The safety and effectiveness of conventional inactivated FMD vaccine has been widely recognized, while, the structural instability of vaccine antigens is one of the biggest challenges affecting the quality of vaccine. Thus, it is urgent to find an suitable solution for stabilizing the antigen and then prolonging the shelf life of vaccine.
Several studies on acid stability of FMDV had shown that a cluster of His residual located on the petameric interface were more likely protonation on low pH, inducing the dissociation of 146s (Ellard et al. 1999; Hong et al. 2017; Vazquez-Calvo et al. 2014), therefore, in this study, all experiments were carried out at pH 8.0 (Caridi et al. 2015). By quantitative analysis of 146s with HPSEC method, the thermal stability was performed, and the results exhibited that FMDV antigen was sensitive to temperature, with residual 146s of 2.5 µg/ml at 37℃ for one month, lower than that at 4℃ (19.3 µg/ml). Moreover, the vaccine was prone to dissociation easily than antigen stored at same temperature. This result was consistent with previous studies demonstrated that emulsification with Freund adjuvant can induce the denaturation of β-lactamase and then decrease the stability (Shimizu et al. 1993; Van de Weert et al. 2000). Hence, the interaction between solvent and water interface may be a factor influencing the stability of 146s, but the mechanism was not sure.
Many strategies have been used to improve the stability of vaccine. Targeted mutations of viral structural proteins have been proven effectively, but would possibly reduce viral infection, hinder viral propagation and even alter the antigenicity of the virus, leading vaccination less effective (Biswal et al. 2016; Lopez-Arguello et al. 2019). Considering the safe, reliable and application for large-scale production, a novel solution buffer might be employed. Initially, different solution buffers were screened as the basic buffer, and the results showed that PBS could improve the stability effectively, with residual 146s of 10.2 µg/ml, higher than the Tris·Cl (2.8 µg/ml) and the combination (4.7 µg/ml), thus, PBS was determined to be the basal buffer.

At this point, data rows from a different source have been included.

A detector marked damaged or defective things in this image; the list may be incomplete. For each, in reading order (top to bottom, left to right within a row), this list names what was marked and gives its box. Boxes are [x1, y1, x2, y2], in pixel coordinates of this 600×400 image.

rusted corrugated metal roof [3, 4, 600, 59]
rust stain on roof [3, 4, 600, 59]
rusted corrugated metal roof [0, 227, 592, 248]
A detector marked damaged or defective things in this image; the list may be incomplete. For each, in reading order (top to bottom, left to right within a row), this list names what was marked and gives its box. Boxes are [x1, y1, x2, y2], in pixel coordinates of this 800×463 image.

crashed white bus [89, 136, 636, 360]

Excipients such as sucrose, arginine, calcium chloride, BSA, cysteine, ascorbic acid, trehalose and tween has been reported to be potential stabilizers for FMDV (Harmsen et al. 2015). In this study, we firstly evaluated the effect of excipients respectively, and the results showed that 5% trehalose exhibited effectively, while, tween was indistinctively with a PD value of nearly 90%, others showed moderate effect. Based on these results, orthogonal experiment was preformed to further optimize the combination of excipients for novel solution buffer. Although sucrose has been reported to increase the transition temperature related to 146s, our findings revealed that the novel solution buffer with only 5% sucrose could also improved the stability. Besides, as supplement in vaccine, the excipients with low concentration could maintain vaccine viscosity, easily absorbed by animal body. These results indicated that the novel solution buffer could be applied to vaccine preparation and application. Therefore, we achieved a novel solution buffer against FMDV dissociation.

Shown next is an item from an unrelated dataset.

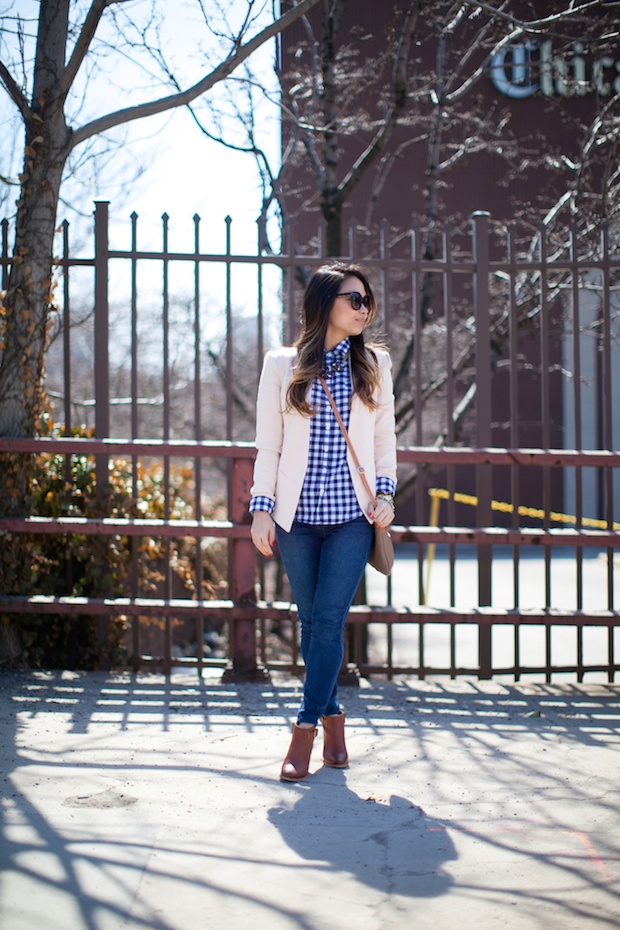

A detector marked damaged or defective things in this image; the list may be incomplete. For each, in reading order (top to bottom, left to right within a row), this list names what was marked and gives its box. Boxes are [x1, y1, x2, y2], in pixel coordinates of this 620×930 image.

rusty metal gate [0, 203, 616, 676]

To further confirm the stable effect on vaccine, the changes of 146s content in vaccine was monitored, the results revealed that the half shelf life of vaccine could prolonged from 10 d to 20 d at 37℃and the shelf life at 4℃was also prolonged to 300 d, suggesting the enhanced stability on inactivated vaccine. Meanwhile, the analysis of particle size distribution showed that supplement of excipients could not change the particle size, the diameter of most vaccine droplet were about 220 nm, consistent with normal one, thus, the novel solution buffer has no impact on vaccine physical properties, available for large-scale production.
Adjuvant, a key component of vaccine, has a very important effect on the stability of vaccine. In this study, we found that emulsification with ISA206 would stimulate the dissociation of 146s, while, the situation about other adjuvant such as ISA201 was not clear, thus, future investigation should be required to assess the stability in vaccine prepared with ISA201. In addition, antibody titer is an important parameter to evaluate the vaccine quantity. The problems whether the excipients could influence the immunogenicity and could stabilized vaccine contribute to antibody titer are the two significant aspects we should fully considered, therefore, further study should also take immune response in animals into account. Overall, these studies would provide a new insight into improvement the stability of inactivated vaccine.
In conclusion, our results demonstrated that the novel solution could increase the stability of vaccine antigen as well as prolong the shelf life of vaccine, suggesting the potential application of this solution in vaccine production regimens for FMD prevention.